Personal information
- Full name: Jack Harry Harrow
- Date of birth: 18 October 1888
- Place of birth: Mitcham, England
- Date of death: 19 July 1958 (aged 69)
- Place of death: Croydon, England
- Height: 5 ft 8 in (1.73 m)
- Positions: Full back; right half;

Youth career
- Mill Green Rovers

Senior career*
- Years: Team / Apps / (Gls)
- 1908–1911: Croydon Common / 32 / (4)
- 1911–1926: Chelsea / 305 / (5)

International career
- 1914: Football League XI / 1 / (0)
- 1922–1923: England / 2 / (0)

= Jack Harrow =

English footballer

Jack Harry Harrow (8 October 1888 – 19 July 1958) was an English footballer who spent his entire professional career at Chelsea. He played mainly as a left-back. He was good at tackling and he also had an accurate shot.

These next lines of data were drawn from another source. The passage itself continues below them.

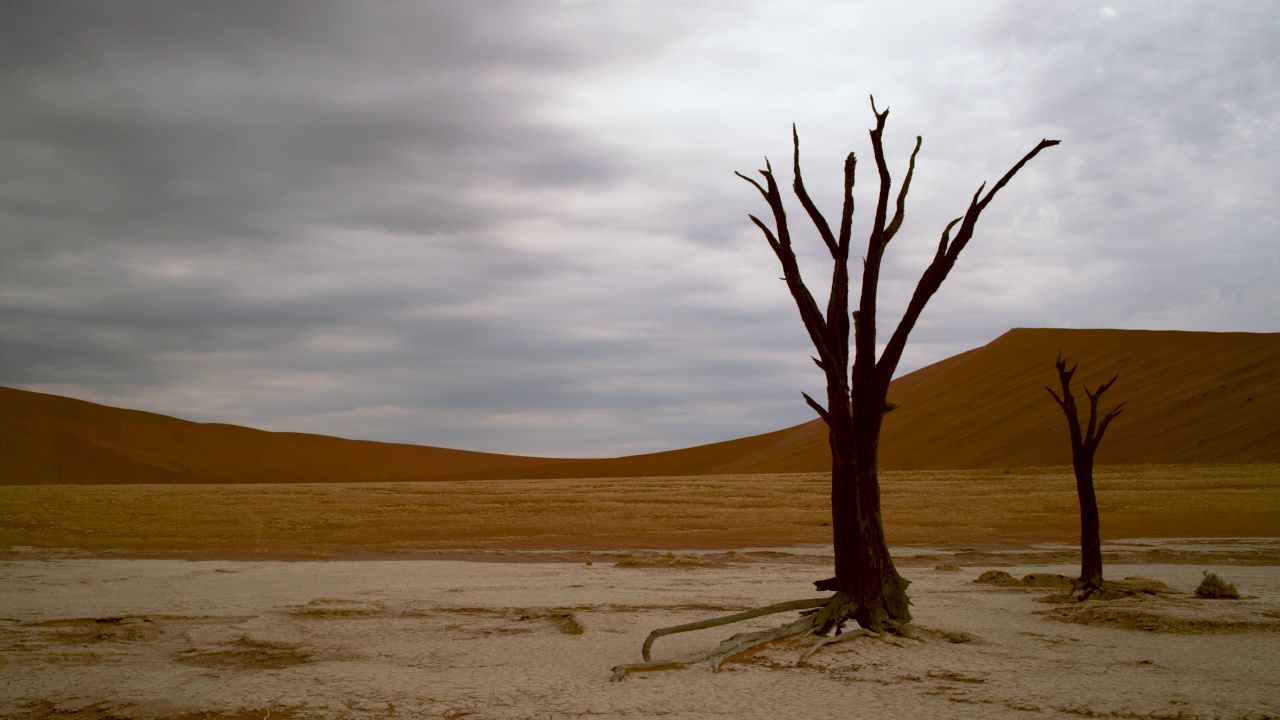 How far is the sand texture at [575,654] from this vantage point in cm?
585

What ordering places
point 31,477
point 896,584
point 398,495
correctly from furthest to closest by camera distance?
point 31,477 < point 398,495 < point 896,584

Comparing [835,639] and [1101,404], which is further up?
[1101,404]

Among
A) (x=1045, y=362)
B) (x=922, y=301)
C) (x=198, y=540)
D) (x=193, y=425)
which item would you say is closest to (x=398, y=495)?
(x=198, y=540)

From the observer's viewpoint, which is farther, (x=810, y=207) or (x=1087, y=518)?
(x=1087, y=518)

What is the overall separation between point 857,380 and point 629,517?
18794 mm

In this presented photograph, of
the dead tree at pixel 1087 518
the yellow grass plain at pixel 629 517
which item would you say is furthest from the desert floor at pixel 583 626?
the dead tree at pixel 1087 518

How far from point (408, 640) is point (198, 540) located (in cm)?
1491

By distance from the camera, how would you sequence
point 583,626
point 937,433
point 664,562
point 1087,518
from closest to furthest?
1. point 583,626
2. point 1087,518
3. point 664,562
4. point 937,433

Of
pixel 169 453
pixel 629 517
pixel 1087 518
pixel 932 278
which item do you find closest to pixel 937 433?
pixel 629 517

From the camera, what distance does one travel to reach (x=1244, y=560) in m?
15.0

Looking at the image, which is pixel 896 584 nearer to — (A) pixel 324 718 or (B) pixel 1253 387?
(A) pixel 324 718

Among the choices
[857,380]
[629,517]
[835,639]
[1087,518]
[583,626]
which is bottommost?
[629,517]

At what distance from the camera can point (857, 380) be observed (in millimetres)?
8164

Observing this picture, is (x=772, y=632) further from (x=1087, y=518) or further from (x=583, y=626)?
(x=1087, y=518) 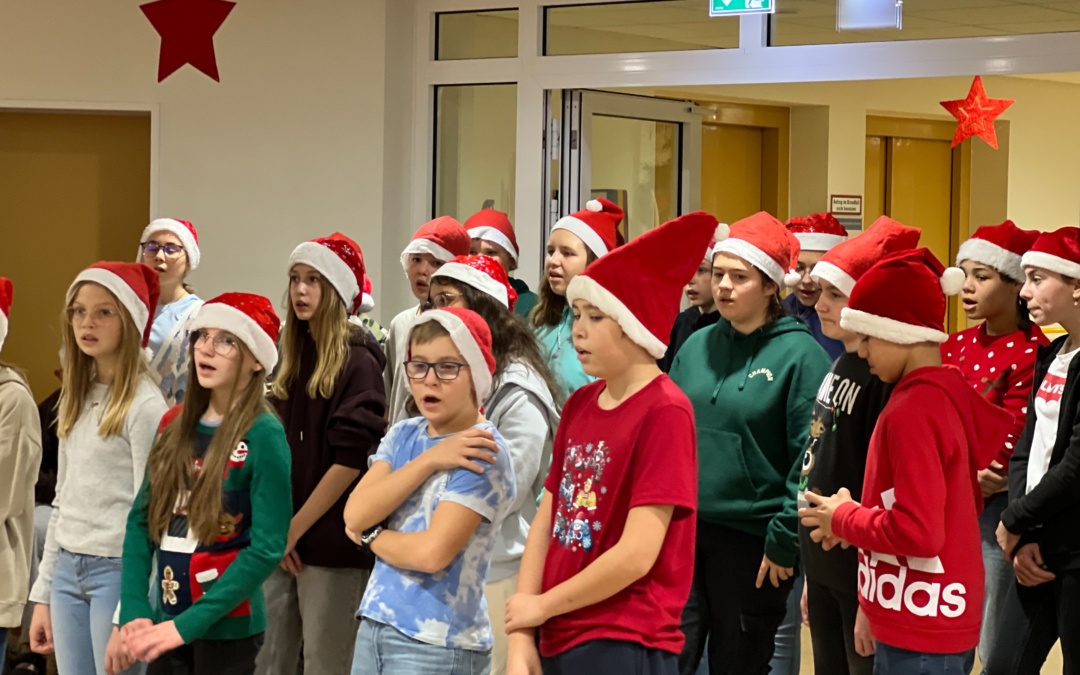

Harrow signed for Chelsea for a fee of £50 from Croydon Common in 1911 and remained until 1926. He was club captain for much of that period, and led Chelsea to their first appearance in an FA Cup final in 1915, although they lost 3–0 on the day to Sheffield United in a match overshadowed by World War I. He was the first Chelsea player to make over 300 appearances, and ended his career with 333 in all competitions.

He played twice for the England national team, winning caps against Northern Ireland and Sweden in 1922 and 1923 respectively.

He died in 1958.

== Personal life ==
Harrow served as an Air Mechanic 2nd Class in the Royal Air Force during the First World War.